BRIEF. What is needed is the full set of records, word for word, with no pictures.

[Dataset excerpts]
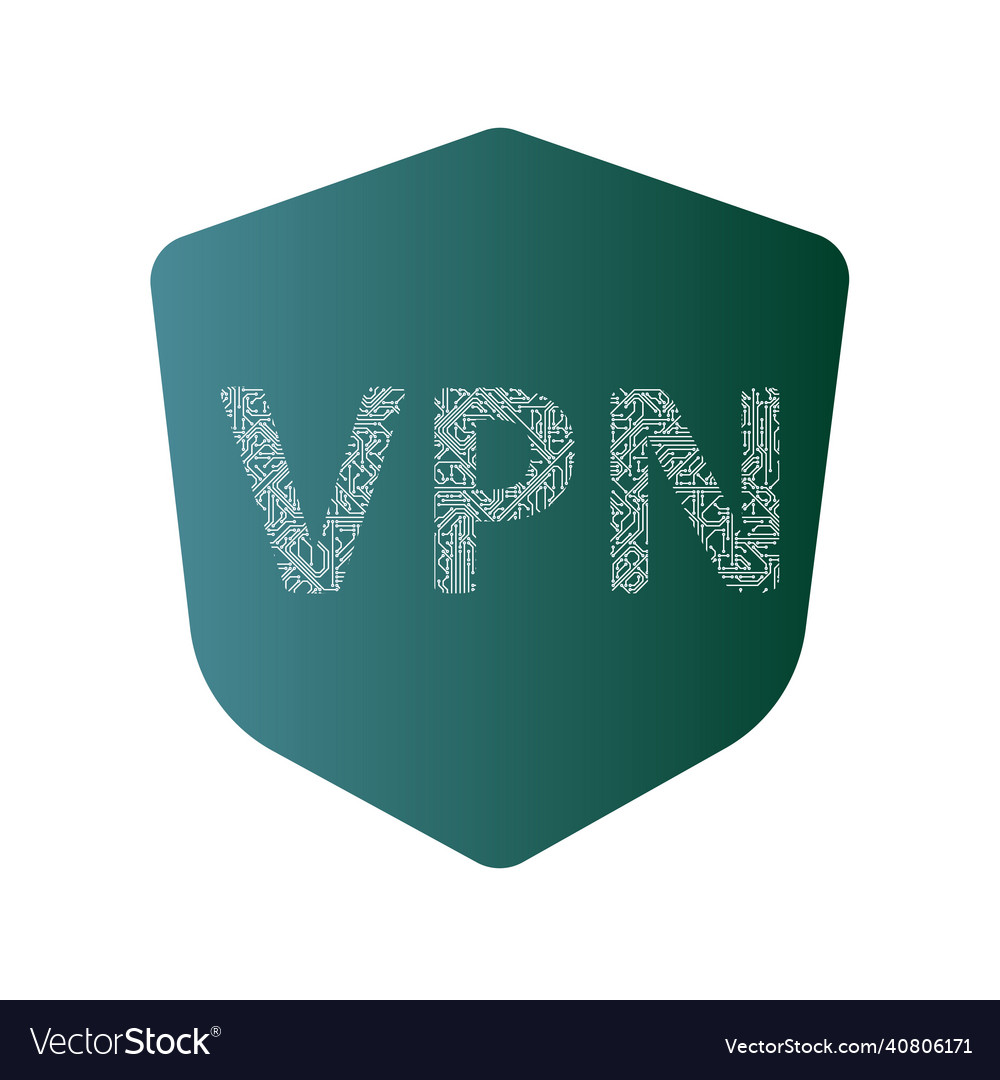 Shield with the word vpn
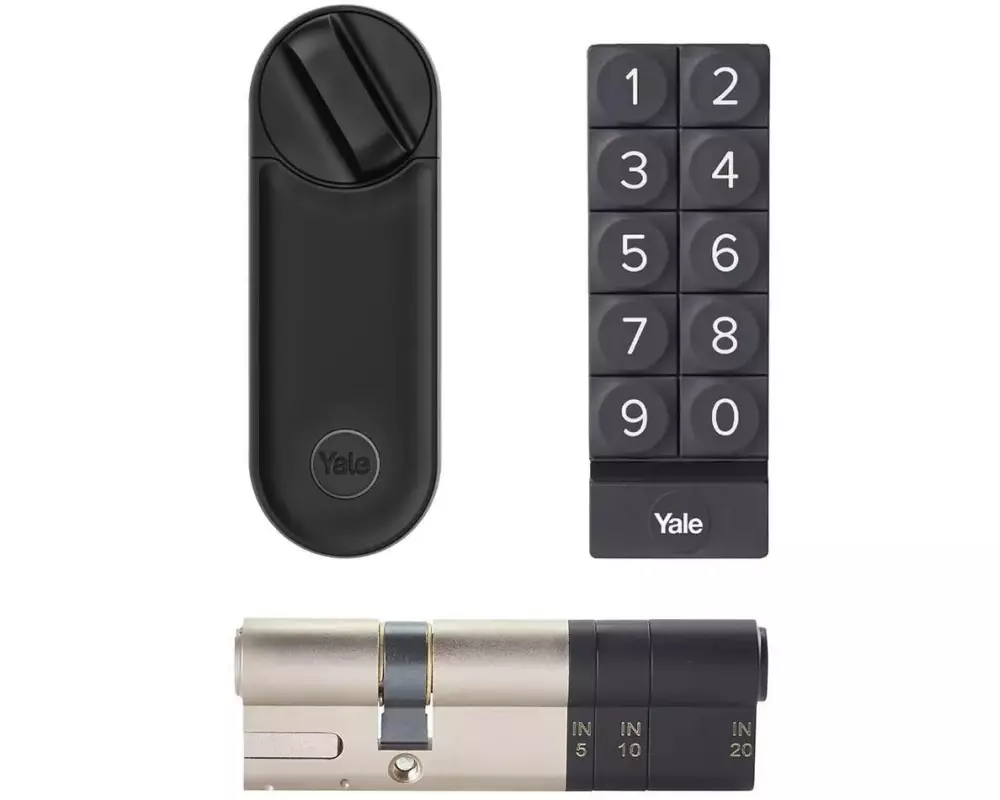 Yale Linus L2 Smart Lock Z+K-Kit, Schwarz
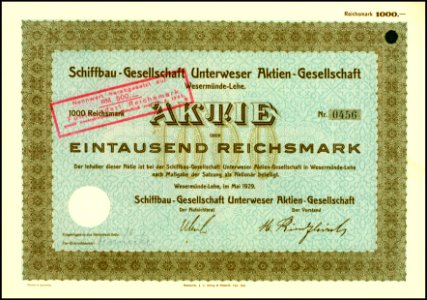 Schiffbau-Gesellschaft Unterweser 1929 photo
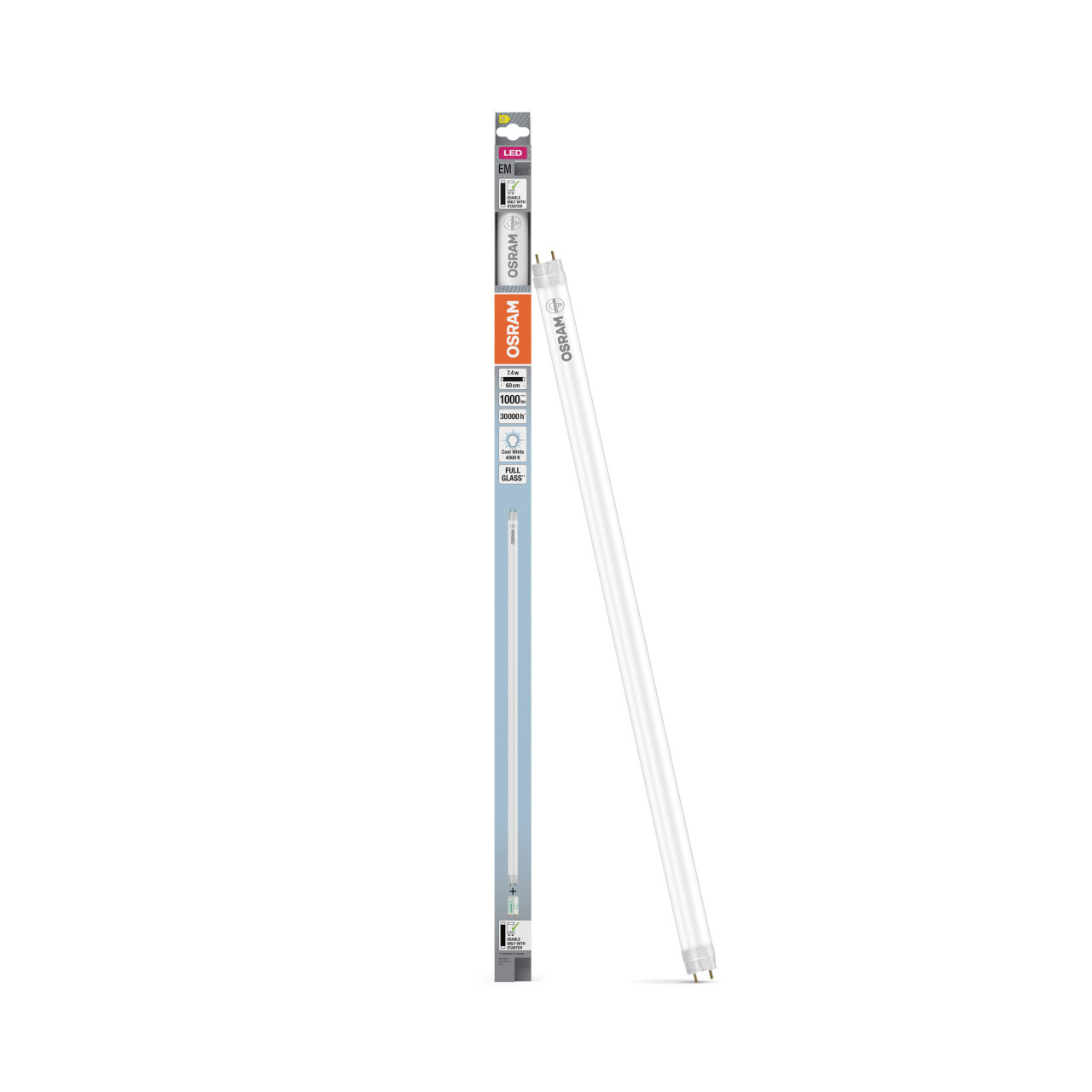 Osram LED-Röhre 60,3 cm G13 7,4 W neutralweiß Bild 3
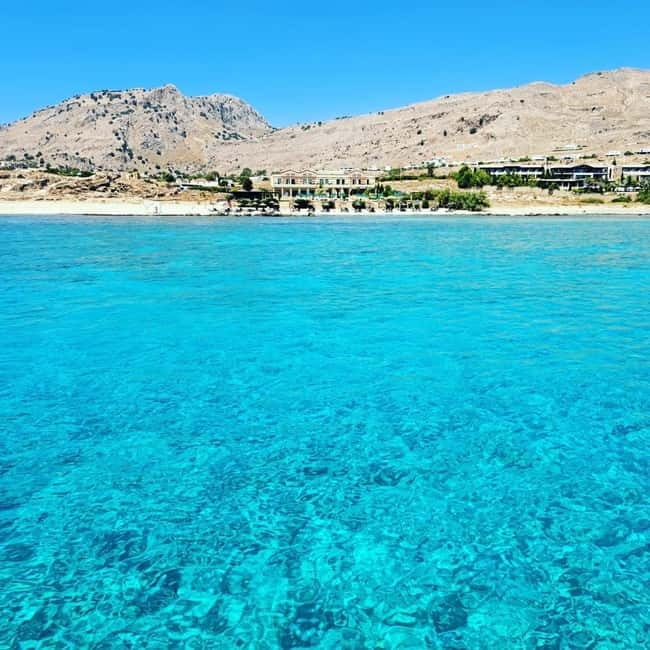 Lindos, Pefkos: Summer Breeze All Inclusive Sunset Cruise - Leaving from the middle of Vlycha Beach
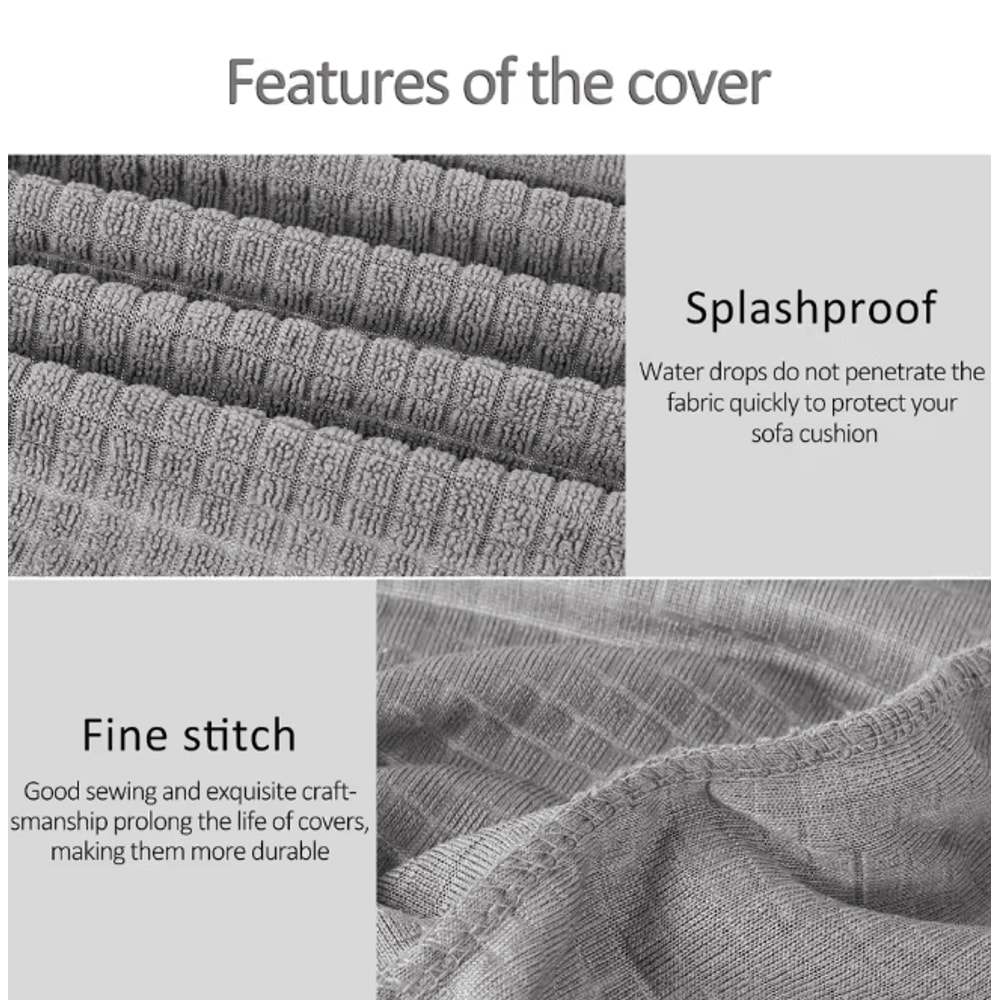 Stretch Armrest Covers Elastic Sofa Arm Protectors Set 2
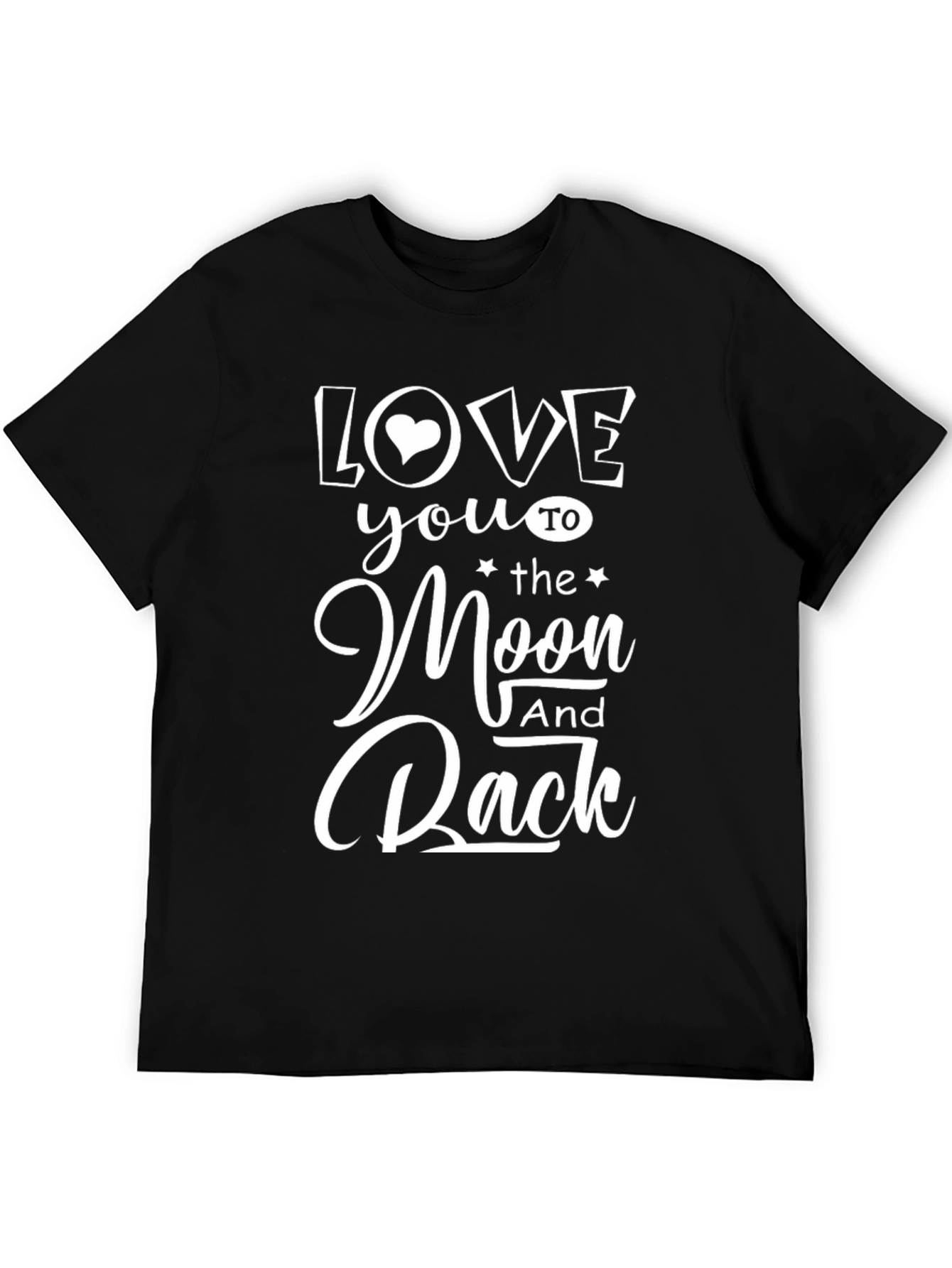 Black Love You to the Moon and Back Graphic Tee view 5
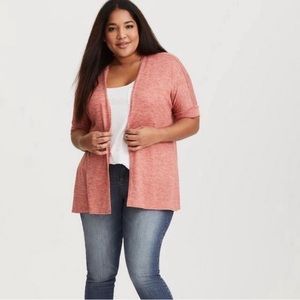 Torrid open front dolman sleeve cardigan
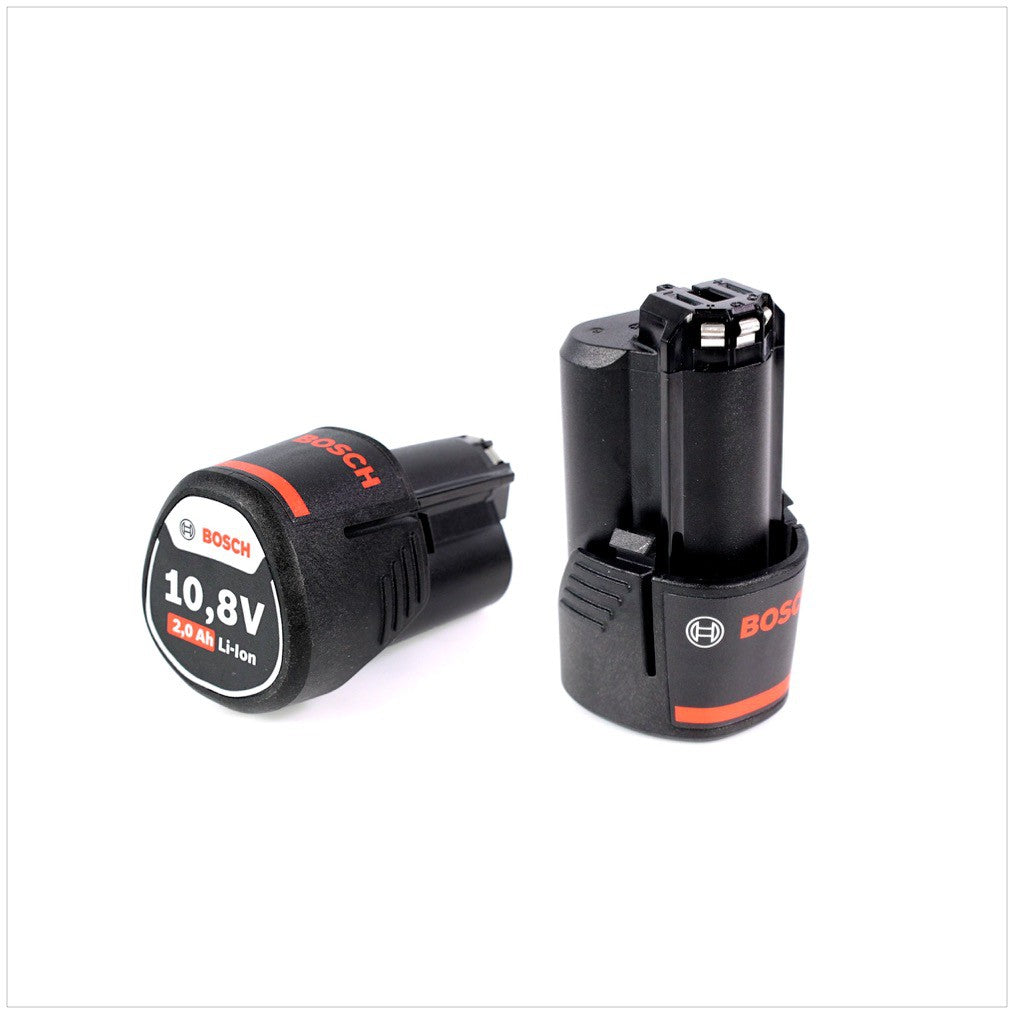 Bosch Akku Starter Set 2x GBA 10,8 V 2,0 Ah / 2000 mAh Li-Ion Professional ( 2607336879 )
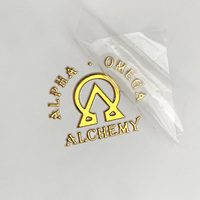 Autocollant adhésif personnalisé avec logo en lettres dorées, imprimé en quatre couleurs, découpé, en métal/papier, résistant aux UV, imperméable, résistant à l'huile, usage personnalisé
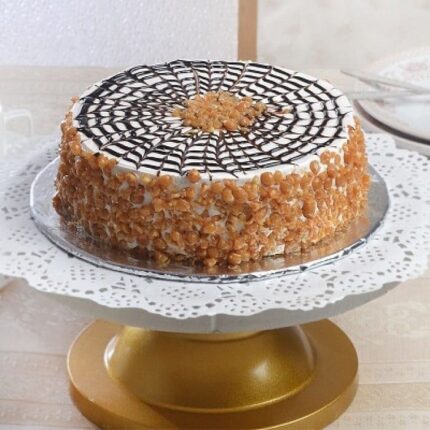 Fantastic Round Butterscotch Cake 1 kg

EXERCISE ANSWER.
 Shield with the word vpn
 Yale Linus L2 Smart Lock Z+K-Kit, Schwarz
 Schiffbau-Gesellschaft Unterweser 1929 photo
 Osram LED-Röhre 60,3 cm G13 7,4 W neutralweiß Bild 3
 Lindos, Pefkos: Summer Breeze All Inclusive Sunset Cruise - Leaving from the middle of Vlycha Beach
 Stretch Armrest Covers Elastic Sofa Arm Protectors Set 2
 Black Love You to the Moon and Back Graphic Tee view 5
 Torrid open front dolman sleeve cardigan
 Bosch Akku Starter Set 2x GBA 10,8 V 2,0 Ah / 2000 mAh Li-Ion Professional ( 2607336879 )
 Autocollant adhésif personnalisé avec logo en lettres dorées, imprimé en quatre couleurs, découpé, en métal/papier, résistant aux UV, imperméable, résistant à l'huile, usage personnalisé
 Fantastic Round Butterscotch Cake 1 kg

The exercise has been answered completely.